Headed For India? Learn The Ropes
Nearly 1 billion people. A middle class of 250 million. For many multinational companies, that has been the appeal of India since its government began to deregulate the economy and welcome foreign investment six years ago. But what seemed at first to be a vast market promising easy profits has turned out to be a complex, multifaceted society with many obstacles to successful investment. General Electric Co. and a few others seem to have made the right moves. But more common are the blunders, such as Mercedes-Benz's foray into local production of its E-class sedan with a plant now running at 10% of capacity.
To be sure, the government could do more to deregulate the economy and streamline the bureaucracy. But multinationals must take a less naive approach. Widely held assumptions about the size of India's middle class are wrong: Indian economists put it at closer to 100 million. Then, too, India is exceedingly diverse, with 25 states, 17 official languages, and 6 major religions. Manufacturers shouldn't expect their products to go over equally well with all groups.
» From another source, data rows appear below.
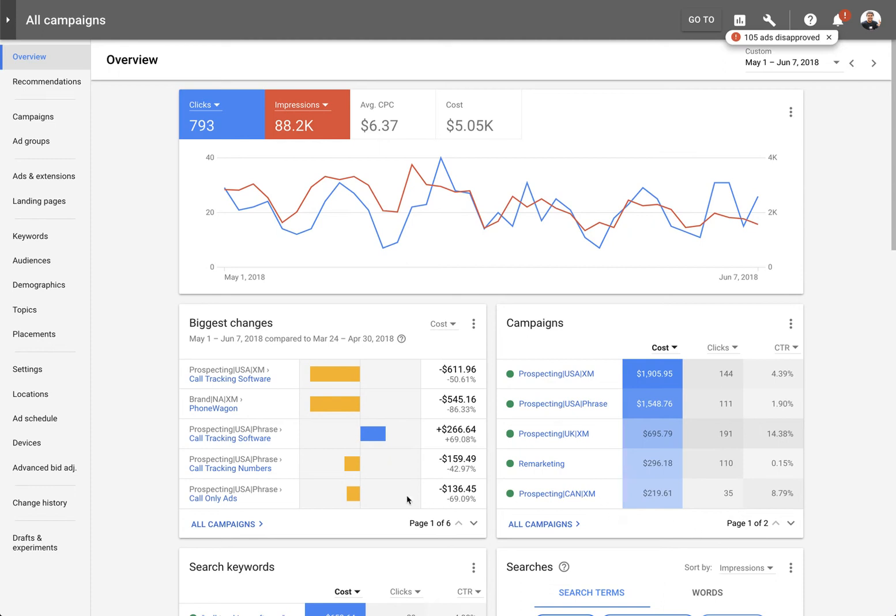Hey guys, welcome to PhoneWagon. So what you want to do to verify a PhoneWagon static number with your Google AdWords account if you're getting disapproved is you need to actually link your Google Search Console.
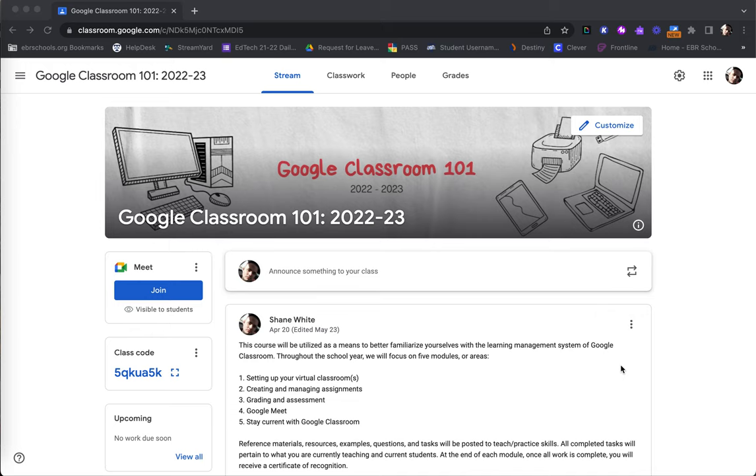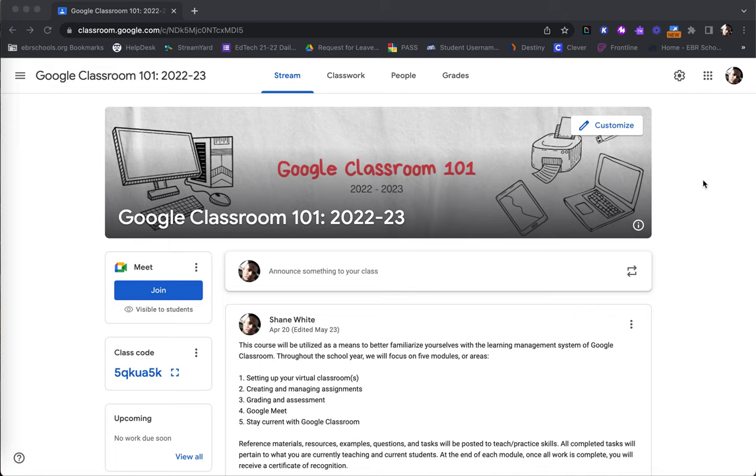The Stream tab within Google Classroom is a great way for students to stay abreast of updates and changes within the Google Class, as well as communication between students and the teacher. Once logging on to Google Classroom and selecting the desired class, you will be defaulted to the Stream page as seen here.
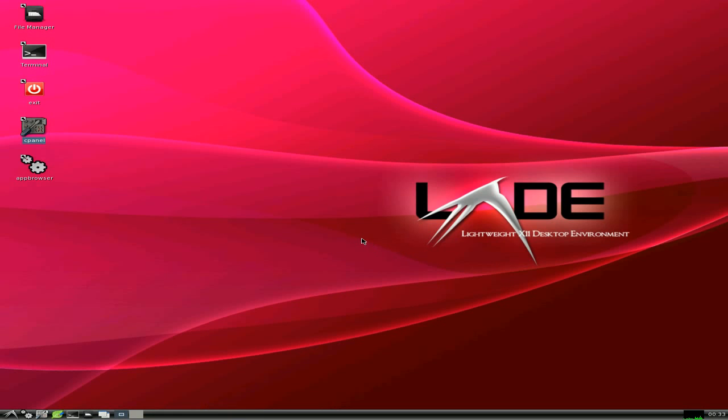I think you should all give it a go, because it doesn't take very long at all, and you don't have to keep it if you don't want it. But, hey. Anyway. Just to show you. Sneaky Linux out. See you later. Bye.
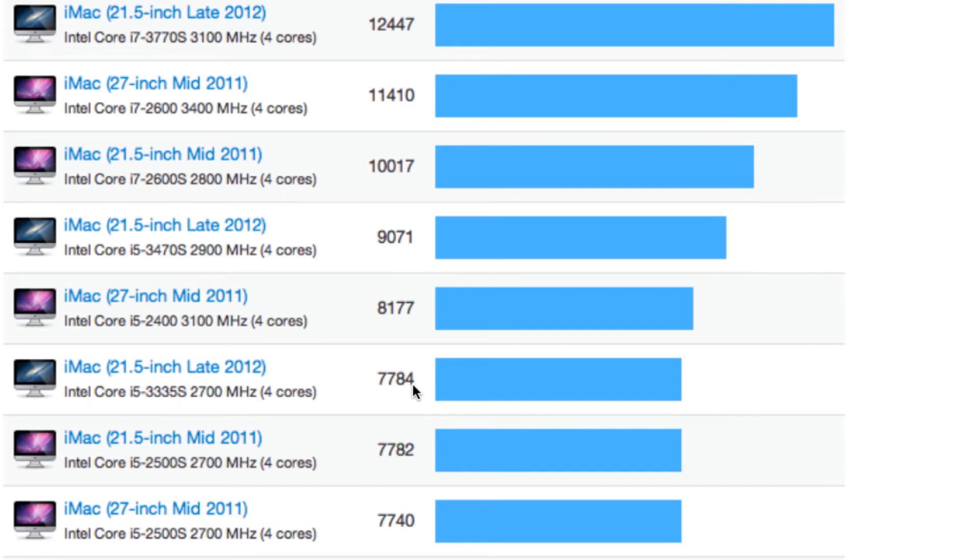But Intel's goal with Ivy Bridge was really to bring better integrated graphics with the new Intel HD 4000, as well as decrease the amount of power it took. So those were both great benefits for laptop users. However, for the desktop, it wasn't that big of a performance gain.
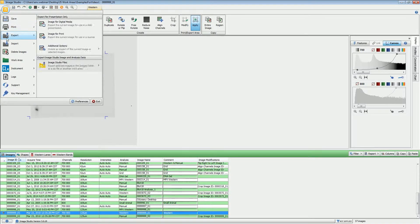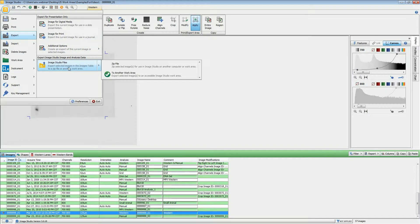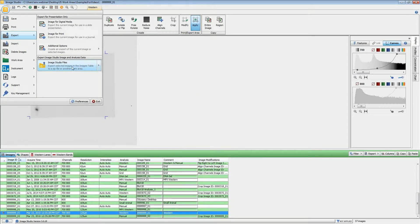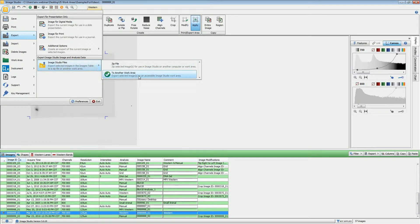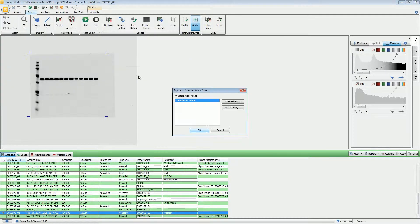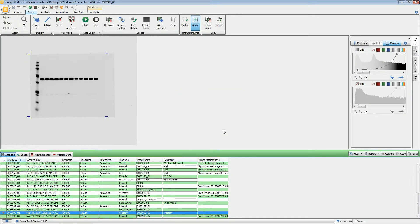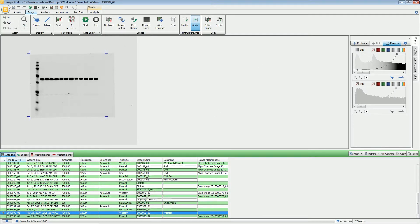You also have the option of moving the images to a different work area. So if you're on the same computer but you simply want to move the images to another work area, again you highlight the images that you wish to move and choose To Another Work Area. Choose the work area that you wish to move them to, click OK, and those files will be copied to that new work area.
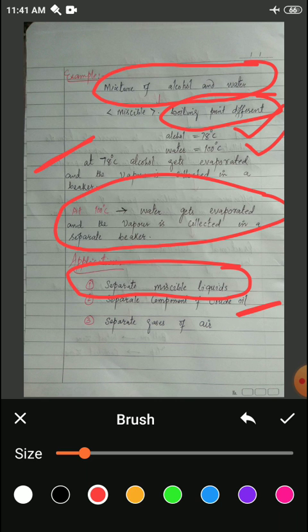Crude oil is passed through fractional distillation two or three times so that its components get separated. In the first step, when it is fractionally distilled, petrol and gasoline get separated first.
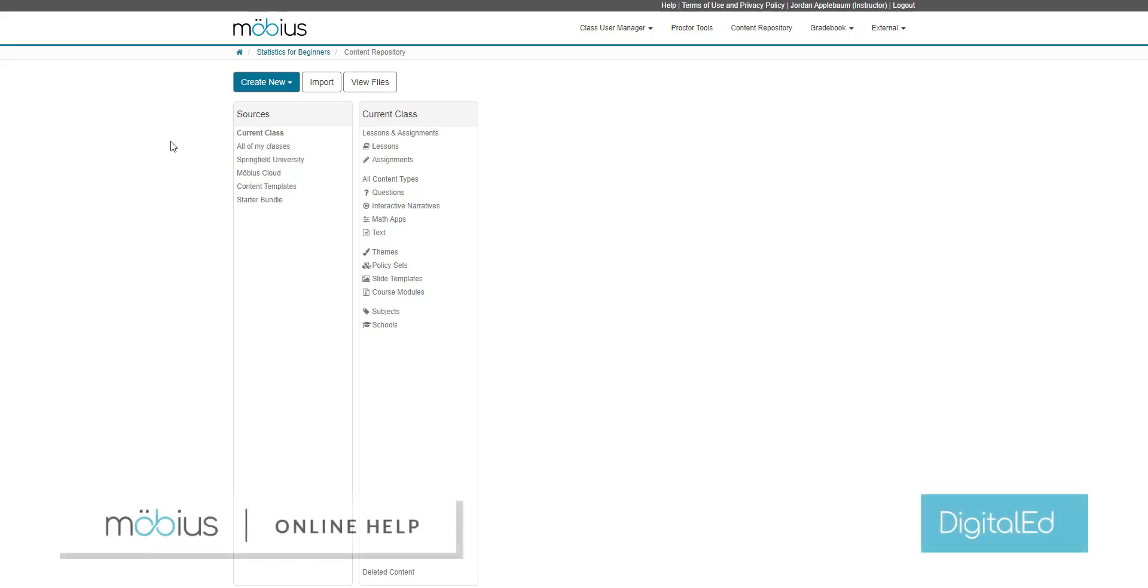In this video, I'm going to show you how to create a new lesson in Mobius. New lessons are created using the lesson editor, which is accessed from the content repository.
Years of colonial rule have made Indians sensitive to foreign incursions. Enron Corp.'s pursuit of a power project alienated Indians: Enron got bogged down in 24 court cases--even though it eventually won them all. Other companies failed to do their research--and wound up investing with feuding local partners, for example. GE and a handful of other investors, meanwhile, did extensive homework on their potential markets and partners. For investors in India, "proceed with caution" should be words to live by.